Paper No. 36-4
Presentation Time: 2:25 PM
EVALUATION OF THE SLIP HISTORY AND HOLOCENE ACTIVITY OF FAULTS IN THE STRAWBERRY MOUNTAINS, GRANT COUNTY, OREGON
Lidar topographic data for the Strawberry Mountains, OR, has revealed youthful fault scarps that likely result from Holocene-age earthquakes. Scarps have been mapped striking roughly east-west in the north foothills of the Strawberry Mountains (Strawberry Mountains fault, SMF), and along another lineament striking south along the uppermost John Day River 10 km south. SMF scarps are aligned with the bedrock John Day Fault, a reactivated structure that is accommodating distributed extension north of the Basin and Range region. The Strawberry Mountains sit near the nexus of the Basin and Range province to the south and the Blue Mountains province to the north. This project evaluates the timing and size of earthquake-driven displacements along these faults, as well as how they relate to current tectonic stresses. Understanding the history of these fault structures will provide insight to both local and regional tectonic strains. Quaternary slip rates on the fault system will be constrained by cosmogenic radionuclide (CRN) dating. During the Last Glacial Maximum, the Strawberry Mountains contained numerous alpine glaciers. These alpine glaciers deposited large lateral and recessional moraines which are offset 1–3 meters by the SMF. The dominance of mafic Strawberry Volcanics in the study area favors 3He dating of pyroxene within large andesite and basaltic andesite boulders located on the crests of these moraines.

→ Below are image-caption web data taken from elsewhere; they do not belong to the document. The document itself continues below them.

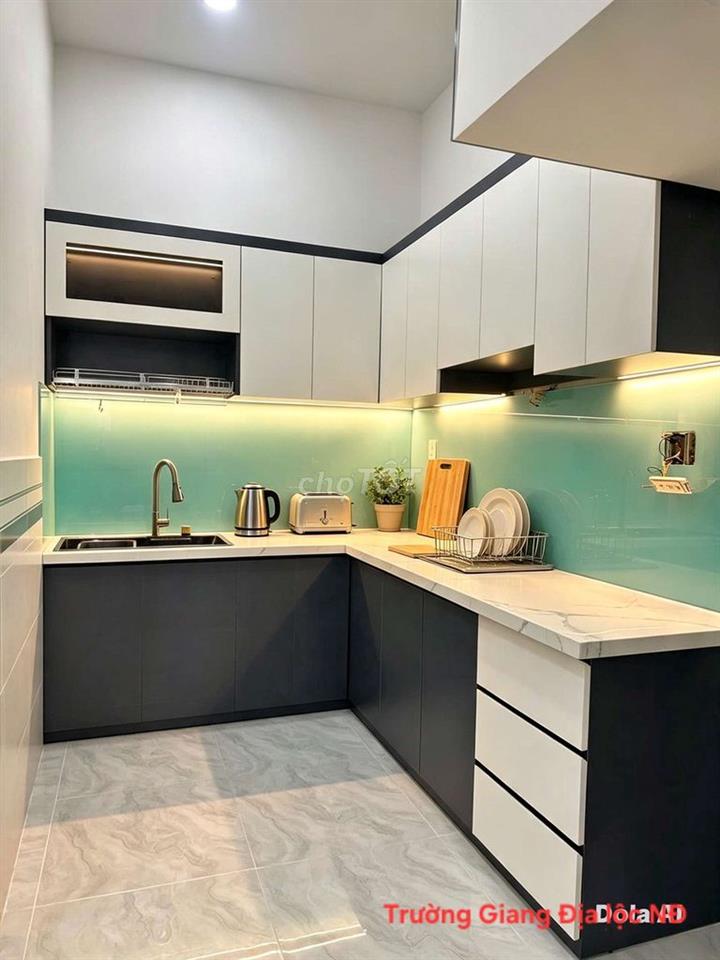 🏡 Q.8+ NGUYỄN THỊ TẦN — CÓ PHÒNG TRỆT RIÊNG — GẦN Q.1 - Q.5- Q.2  .
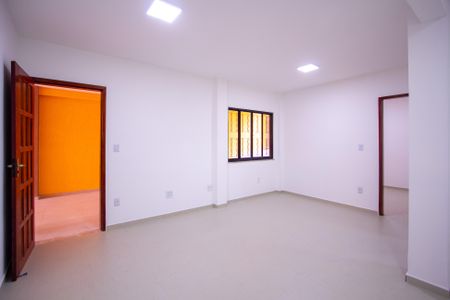 Sala de casa para alugar com 3 quartos, 120m² em Mutondo, São Gonçalo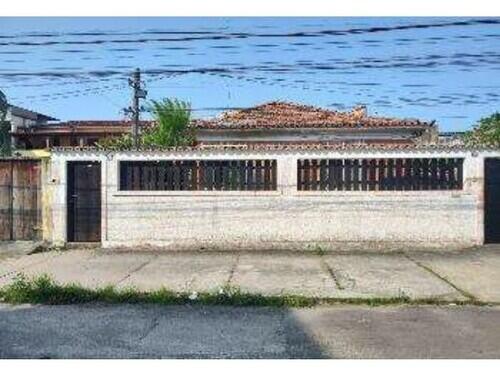 Casa residencial com 140m² em Guadalupe, RJ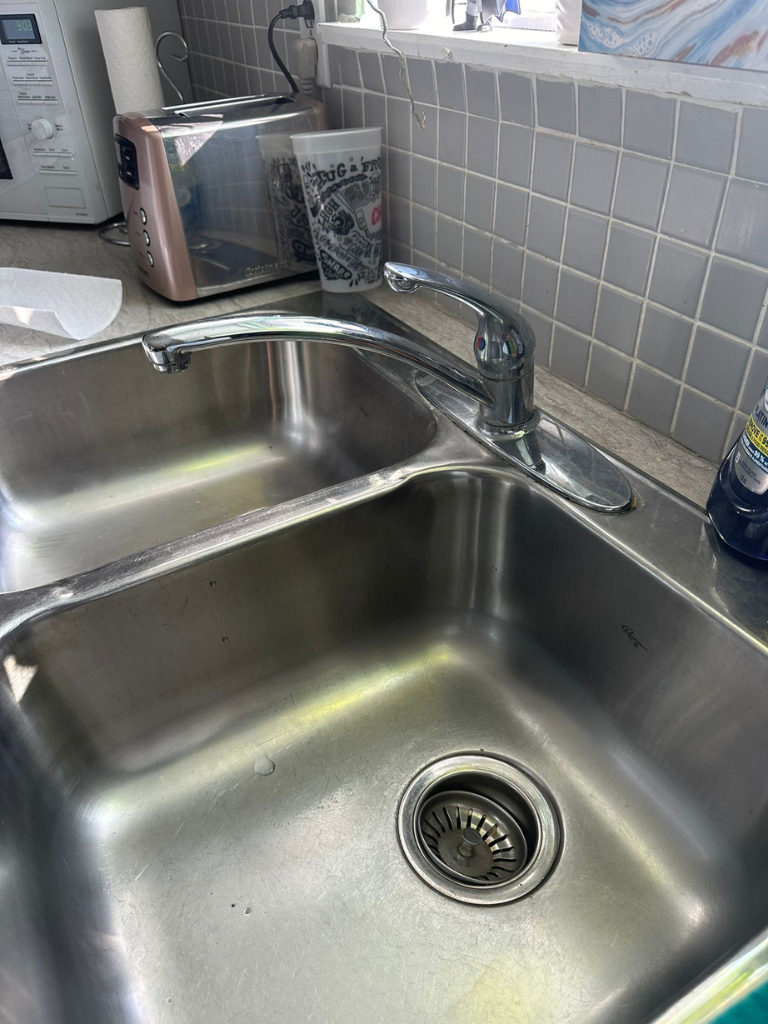 Kitchen Faucet Repair Service by Expert in Pointe-Claire - Delta Plumbers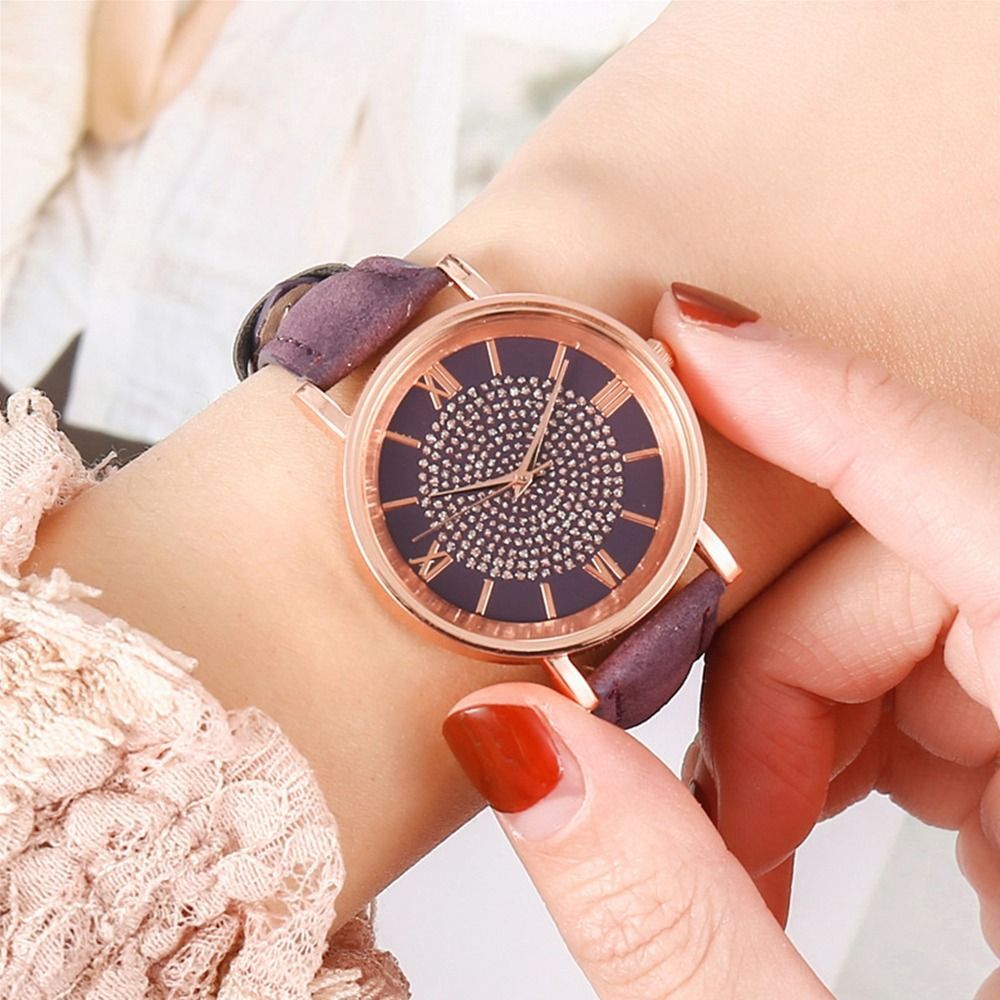 Waterproof Round Dial Wristwatch Casual Exquisite Ladies Watch Quartz Watch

Constraining the absolute age of these moraines will provide a long-term slip rate history extending into Pleistocene time, and the first absolute ages of these glacial features. We seek to constrain the age of the most recent earthquake with 14C dating of organics within scarp-derived colluvium and alluvium ponded against an uphill facing scarp. Data collection and processing is ongoing and will provide insight into the Pleistocene and Holocene behavior of the SMF, as well as important first-steps to better understanding seismic hazard in Eastern Oregon.